(Supplied records Opens)

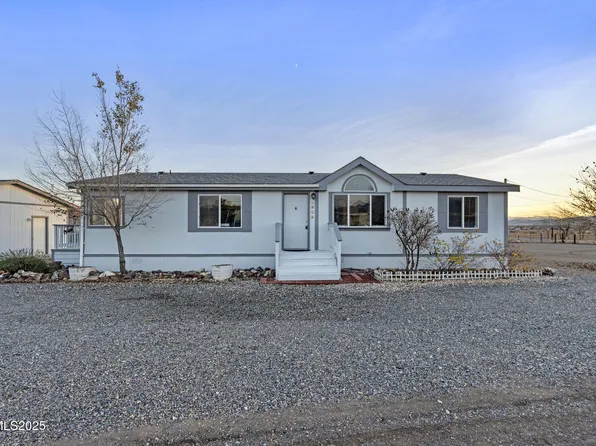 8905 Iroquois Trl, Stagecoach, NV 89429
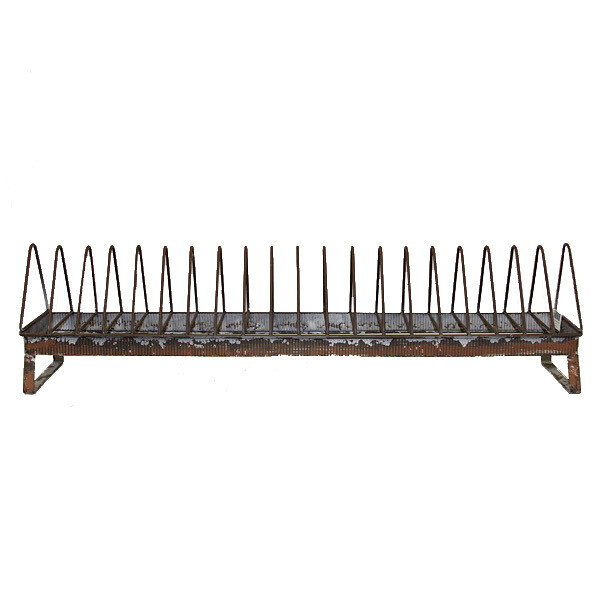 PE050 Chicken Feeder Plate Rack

(Supplied records Closes)
(Supplied records Opens)

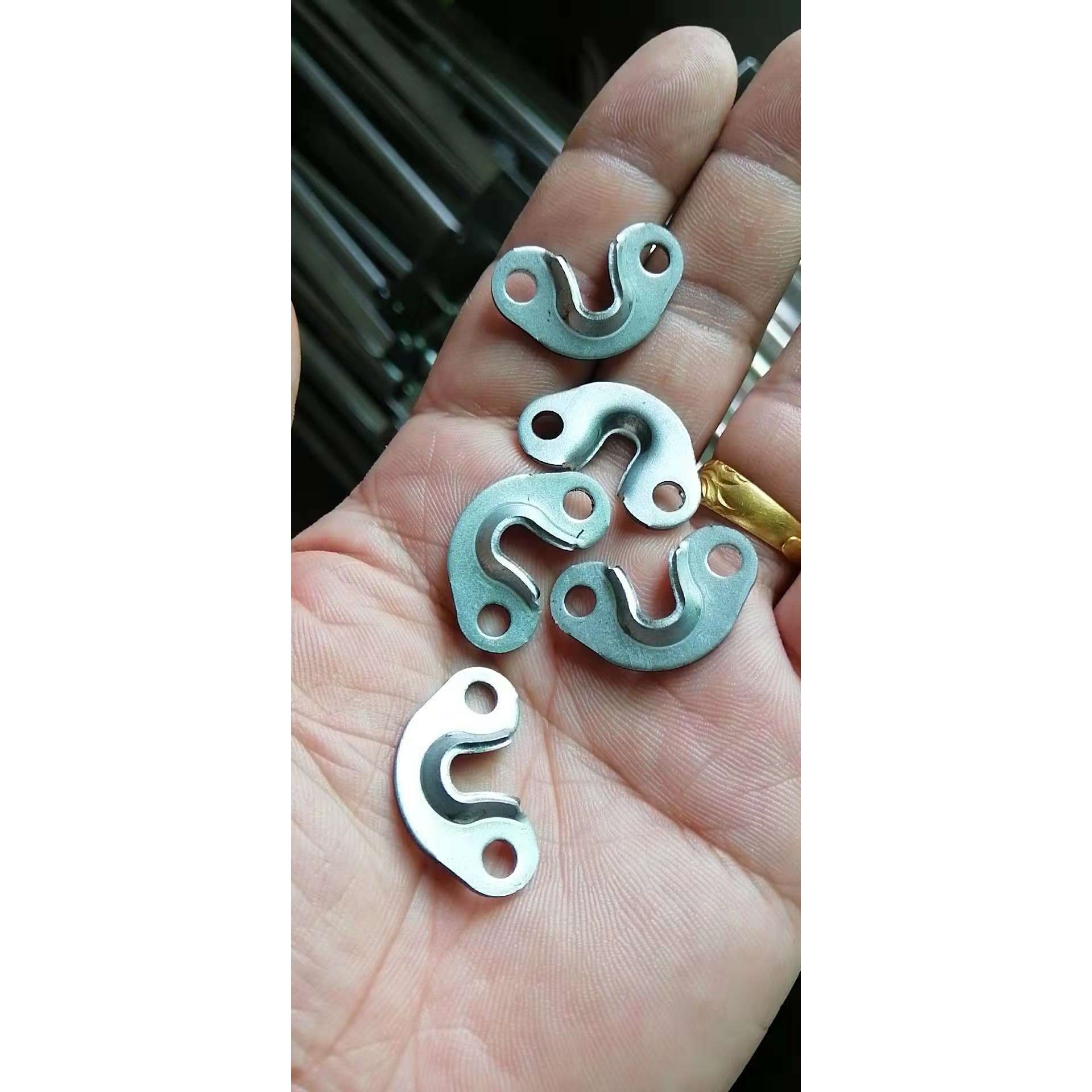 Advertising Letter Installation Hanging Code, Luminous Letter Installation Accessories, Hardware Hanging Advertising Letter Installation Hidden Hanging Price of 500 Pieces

(Supplied records Closes)
(Supplied records Opens)

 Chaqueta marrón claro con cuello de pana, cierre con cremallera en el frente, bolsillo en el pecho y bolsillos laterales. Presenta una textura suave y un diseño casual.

(Supplied records Closes)

Task directions = Go back to the listing above and write out the lines starting at the one with "8905 Iroquois Trl, Stagecoach, NV 89429" and ending at the one with "PE050 Chicken Feeder Plate Rack", inclusive, exactly and without pictures.

Exercise answer =
 8905 Iroquois Trl, Stagecoach, NV 89429
 PE050 Chicken Feeder Plate Rack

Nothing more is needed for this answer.